The Episcopal Church
This church is part of the Episcopal Diocese of Central Florida. Visit the diocesan site for information about our bishop, other church locations and diocesan news.
Episcopal Diocese of Central Florida

Finding Paradise

Posted December 1st, 2007

By Fr. Tom Seitz
Fr. Tom Seitz

There is a billboard on US Highway 27, north of Dundee, which reads, "245 Acres of Eden 14 Miles Ahead." It's referring, of course, to Historic Bok Sanctuary, which includes the singing tower, the gardens and the estate, located on the highest point of the Florida peninsula.

When Jesus tells the thief on the cross, "Today you will be will me in Paradise." he was referring to a place not unlike Historic Bok Sanctuary. 'Paradise' is literally a royal park or orchard. It is part of the king's domain. This is what the Bible understood the Garden of Eden to be, part of God's kingdom, a royal park or orchard, with two very unique trees planted in it, the tree of life and the tree of the knowledge of good and evil. When Adam and Eve ate of the tree of the knowledge of good and evil, they fell from God's grace and were cast out of Paradise, with fiery seraphim preventing them from re-entering and eating the tree of life, which would have perpetuated their sin and their death forever. The world we are born into, consequently, is spiritually lower than the Paradise that God originally created, the royal garden-orchard that Adam and Eve briefly lived in before they were cast out.

On this last Sunday after Pentecost, we are reminded that Jesus was sent into this fallen world to make it possible for you and me to not only return to Paradise without the fear of sin and death, to God's royal park or orchard, to what was known by many in ancient times as the third heaven, one of the outer precincts or suburbs of God's kingdom, but to even have access to the very throne of God at the heart and center of his kingdom, to what was known in the ancient world as the seventh heaven, that throne of God which lies beyond the visible limits of the Sun, moon and five planets.

A Christian's billboard does not point to a tower and gardens on the highest point in the Florida peninsula, but to a dead tree in a landfill on the side of a mountain, Mount Zion, which Jesus tells the thief, is the very gate and entrance to the >real Paradise that every other earthly place like Historic Bok Sanctuary, or even our own beautiful memorial garden and bell tower, seeks to imitate and copy. The tree of the knowledge of good and evil, which the devil was able to use to curse all mankind through Adam and Eve's disobedience, and thereby put us down, has been reversed by another tree, a wooden cross, and a blessing which has both exposed and put away our sin by revealing the unsearchable riches of God's grace and love in the love of God's Son, who died for us so that he might open up a way back home to God's kingdom.

Our few acres which surround this pulpit and altar are meant to be God's embassy, an outpost of his kingdom here on earth, where we can experience with each other and model for others, as his ambassadors, the life of his kingdom through the power of the Holy Spirit, which Jesus has sent into to us for that very purpose, so that wherever two or three are gathered together in his Name, there is Paradise, even in the midst of our own suffering and dying, even in those earthly places that would otherwise be landfills or garbage dumps, apart from God's redeeming grace.
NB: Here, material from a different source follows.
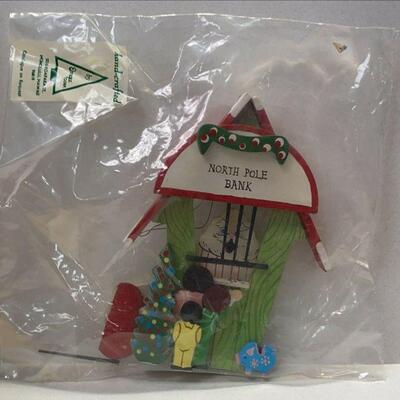 https://www.ebay.com/itm/115055883105	NC554 VINTAGE EMQEE CORP HAWAII CHRISTMAS ORNAMENT NORTHPOLE BANK 2 NEW UNOPENED		Auction Starts...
As ambassadors, we are called to strengthen the weak, to heal the sick, to bind up the injured, to bring back those who have strayed, and to search for those who are lost, because this is precisely what our King, Jesus, the King of kings, did throughout his life and, most powerfully, what he was doing through his death on the cross.
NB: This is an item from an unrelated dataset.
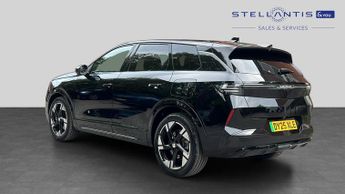 Vauxhall Grandland Electric 73kWh Ultimate SUV 5dr Electric Auto (213 ps)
And we don't have to go 14 miles down the road to find Paradise. The two thieves who were just a short physical distance from Jesus remind us both how close and how far away Paradise is, depending on where our heart is. And so as this church year ends and the season of Advent begins, may the next few weeks be a time for us to determine just where our hearts are, and to believe and to act once more in ways that will bring God's Paradise, back into view and within reach, not only for ourselves, but for those around us who may be searching for Paradise where there is a lot of earthly glitter, never suspecting, apart from our own witness, that a wooden cross and a dying man continue to be God's billboard to lasting peace and Paradise. AMEN.